Between now and 2008, the military is supplying a new radio system to
roughly 125 bases that uses the same frequency as the one relied upon by
more than 90 percent of the remotely operated openers, Pentagon and
industry officials say.
The military radio signal is sometimes so strong that it overpowers the
opener's signal, preventing the door from opening. Or it can also vastly
reduce the opener's range, forcing the user to walk close to the garage
before it will open.
Unless another solution is reached, the consumer will either have to
live with the inconvenience or pay to fix the problem.
The cheapest fix would be to manually replace parts of the opener so it
will use a different frequency -- probably a $60 job, said Mark Karasek,
technical director of a manufacturers' group formed in response to the
military radio rollout. Calling a technician to do it for you will
probably run double that, he said.
This presumes consumers figure out what is wrong. When a garage door
doesn't open, people will generally replace the battery, then the opener
itself. A new opener can run $150 or $200 before installation.
Government and industry officials differ on how widespread the effect
will be. The government predicts it will be limited the industry says it
will be worse but wants more information from the military. "These
things are generally in a relatively small radius around military
facilities," said Michael D. Gallagher, chief of the National
Telecommunications and Information Administration, which oversees
government use of the airwaves.
"The period of inconvenience is generally around when they start up the
system. Generally consumers can try again after letting a short pause go
by." Linton Wells II, Pentagon acting chief information officer,
predicted the effect will only be noticed within 10 miles of a base. But
Karasek said interference may be felt as far away as 50 miles. He
estimated that at least 50 million garage-door openers in the United
States use the same frequency as the new radios. Beyond issues of
convenience and cost, his group raises safety concerns about people who
don't carry house keys being locked out of their homes. The garage-door
opener frequency at issue -- 390 megahertz -- has belonged to the
military since around 1950. Openers have legally operated at that
frequency since at least the early 1980s, Karasek said. U.S. law allows
low-power electronic devices to operate on military frequencies if they
don't cause interference. It was a good frequency for garage-door
openers because transmissions can penetrate the doors.
Also, until recently, the military did not employ it often, so the
industry did not have to worry about interference.

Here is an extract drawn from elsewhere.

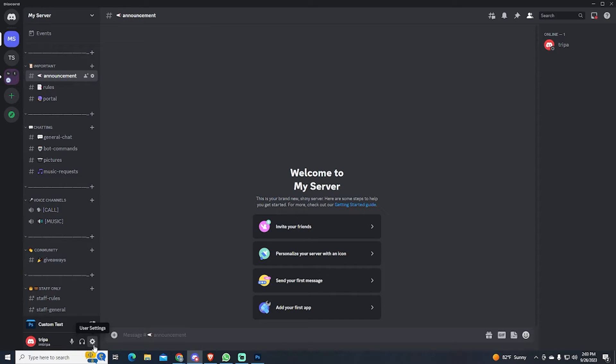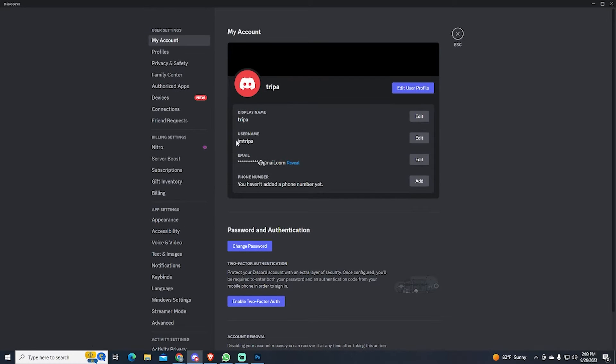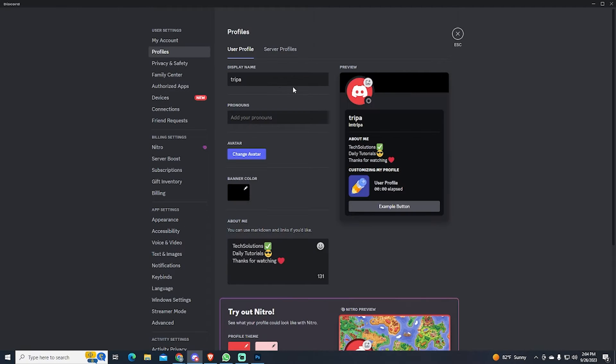We want to go to our user settings at the bottom left, then edit your user profile, then change your display name to this.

Garage-door openers are too low-powered to have any effect on military
communications. It is unknown how many garage doors are close enough to
one of the 125 bases to be affected, and Pentagon officials refused to
list which bases would receive the new radios. A spokesman said large
bases are among those receiving them.
The interference was first discovered in recent months in two areas
where the new radios were tested: Mechanicsburg, Pennsylvania, and Eglin
Air Force Base, Florida.
In Florida, 127 people living within seven miles of Eglin complained of
interference, officials said. In Pennsylvania, where a few bases started
using the radios, more than 100 people contacted the local congressman,
Republican Rep. Todd Platts, about the problem, an aide said.

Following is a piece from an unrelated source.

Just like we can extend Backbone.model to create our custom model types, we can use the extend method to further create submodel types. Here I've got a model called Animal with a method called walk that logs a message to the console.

Mechanicsburg resident Clifford Jones couldn't open his door at first.
Now he can -- by walking to within a few feet of it with the remote.
"It's an inconvenience. It's not a crisis," said Jones, who is an
advocate for keeping the state's military bases open. The conflict
arises from a radio spectrum increasingly congested by military and
commercial users flooding the airwaves with communications, data and
signals.
The new radios are part of an $800 million project to use the military's
allotted airwaves more efficiently amid ever-growing needs, which now
include vast transmissions of computer data, defense officials said.
"We're so dependent on communications and networking devices, and we're
going to become more and more dependent," the Pentagon's Wells said. All
bases are getting new radios, with 125 receiving those that function at
the frequency of garage-door openers. The radios are used for routine
and emergency communications and training purposes.
The radios are coming online in at least two more places: Fort Hamilton
in New York City and Walter Reed Army Medical Center in Washington. The
Defense and Commerce departments, the Federal Communications Commission
and industry are starting discussions. Base commanders will be
instructed to inform nearby communities the interference is coming.
Karasek said a solution may be for the military to program its radios to
skip the garage-door opener frequency. Manufacturers may also have to
start building garage-door openers that work on a different frequency,
or are less susceptible to interference.